→ Task brief
This task calls for the lines below starting at the one containing "Confident mature businessman" and ending at the one containing "Un edificio blanco", repeated exactly with both ends kept and pictures left out.

→ The records
•••

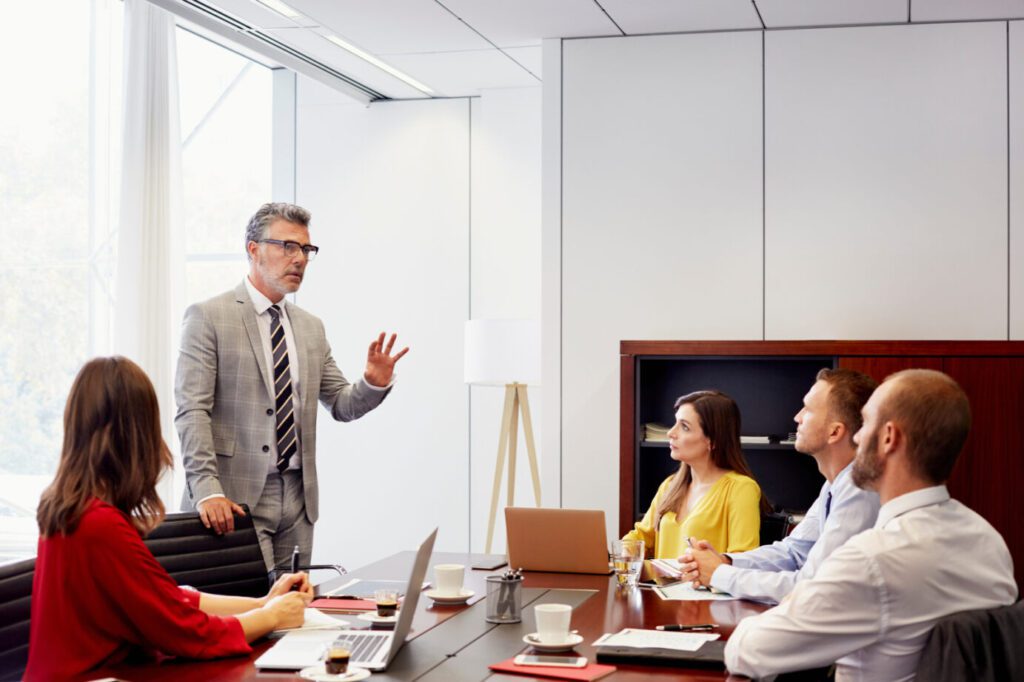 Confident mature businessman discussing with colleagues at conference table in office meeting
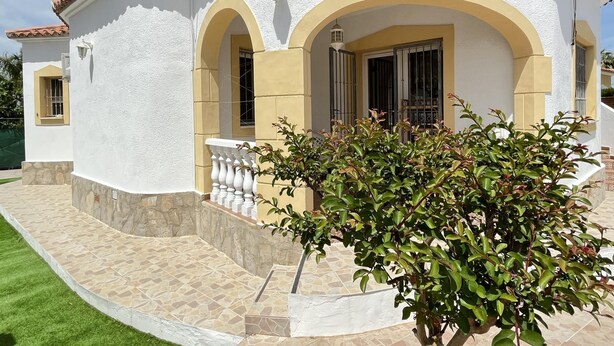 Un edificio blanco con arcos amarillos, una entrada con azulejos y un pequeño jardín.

•••

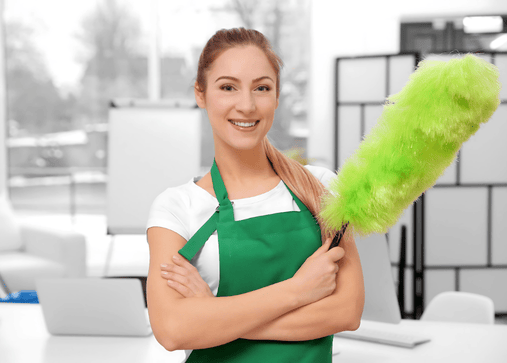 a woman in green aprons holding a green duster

•••

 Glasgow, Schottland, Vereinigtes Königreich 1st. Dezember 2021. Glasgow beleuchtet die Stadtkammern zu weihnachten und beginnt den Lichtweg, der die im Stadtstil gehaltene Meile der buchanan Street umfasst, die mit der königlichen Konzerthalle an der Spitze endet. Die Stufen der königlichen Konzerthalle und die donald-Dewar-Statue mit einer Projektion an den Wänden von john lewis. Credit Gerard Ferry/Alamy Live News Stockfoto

•••

→ Solution to this task
 Confident mature businessman discussing with colleagues at conference table in office meeting
 Un edificio blanco con arcos amarillos, una entrada con azulejos y un pequeño jardín.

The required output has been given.